Photo: A "UFO" spotted over an airport in Hangzhou in 2010


By Eric Fish
May 16, 2013

On Monday (May 13) a series of “UFO” photos emerged after people in several Chinese cities reported seeing a strange light in the sky.

This was just the latest in a wave of UFO sightings that have happened throughout the country in recent years. So after a relatively quiet 5,000-year history in the field, why are UFOs all-of-a-sudden becoming so common in China?
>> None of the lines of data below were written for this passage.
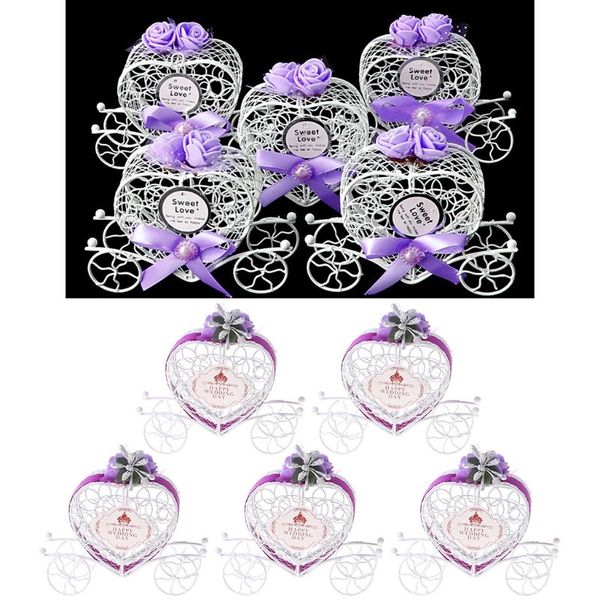 

gift wrap 85wc 5pcs carriage candy chocolate boxes birthday wedding party favour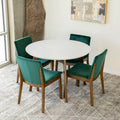 5 - Piece Solid Wood Dining Set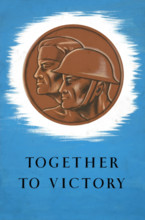'Together to Victory', World War II poster, between 1939 and 1946. Creator: Central Office of Information.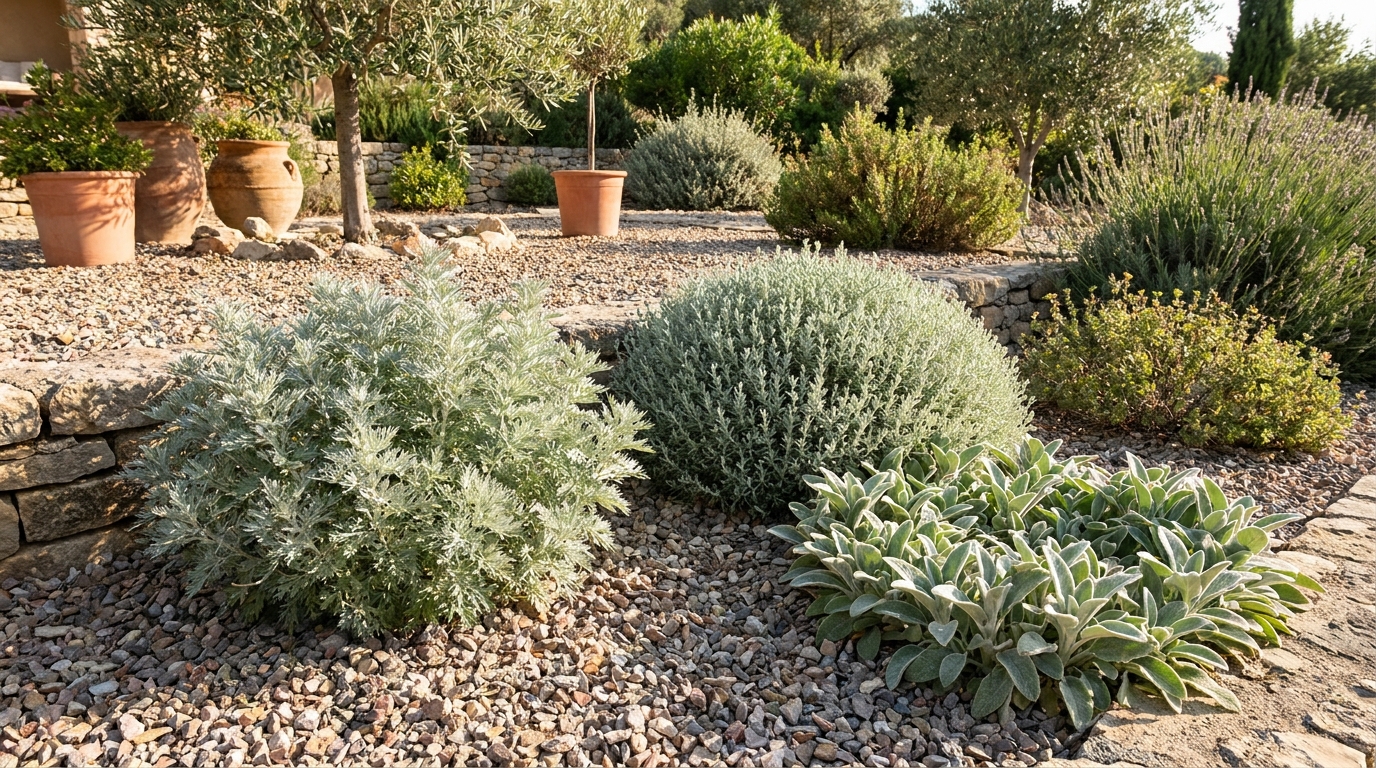 en août, l'arrosage des massifs devient moins fréquent : découvrez pourquoi les paysagistes privilégient un trio de plantes au feuillage gris, rustiques et esthétiques, pour un jardin facile à entretenir.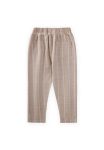 Striped Trousers for Ages 4-12 in Brown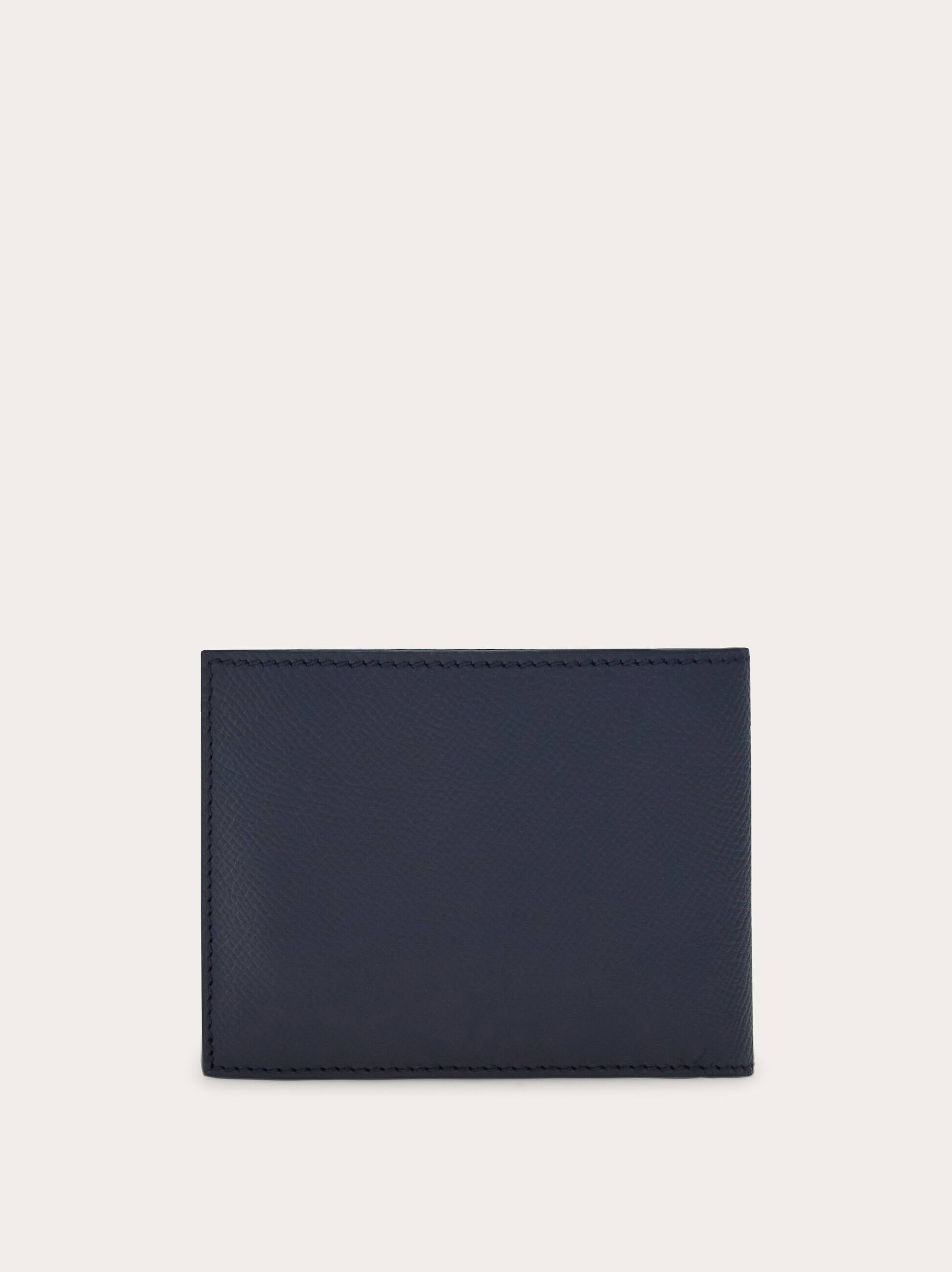  Ferragamo Herren Gancini Brieftasche Blau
In 1947, three highly-publicized UFO sightings happened in the United States within a two-week span culminating with the Roswell Incident, where some alleged that the U.S. government had recovered and hidden an alien ship wreck. In the years that followed, hundreds more sightings were reported, official inquiries were launched and the idea of alien visitors captured America’s imagination.

The conditions that existed in America at the time may help explain the influx of UFOs in China.

When UFO sightings are investigated, they’re usually found to have been one of four things:
1. Something that’s easily explained (ie – a weather balloon, airplane, science experiment or natural phenomenon)
2. A military test
3. A hoax
4. A genuine unidentified flying object that nobody can explain, meaning the possibility of an extraterrestrial origin can’t be ruled out. 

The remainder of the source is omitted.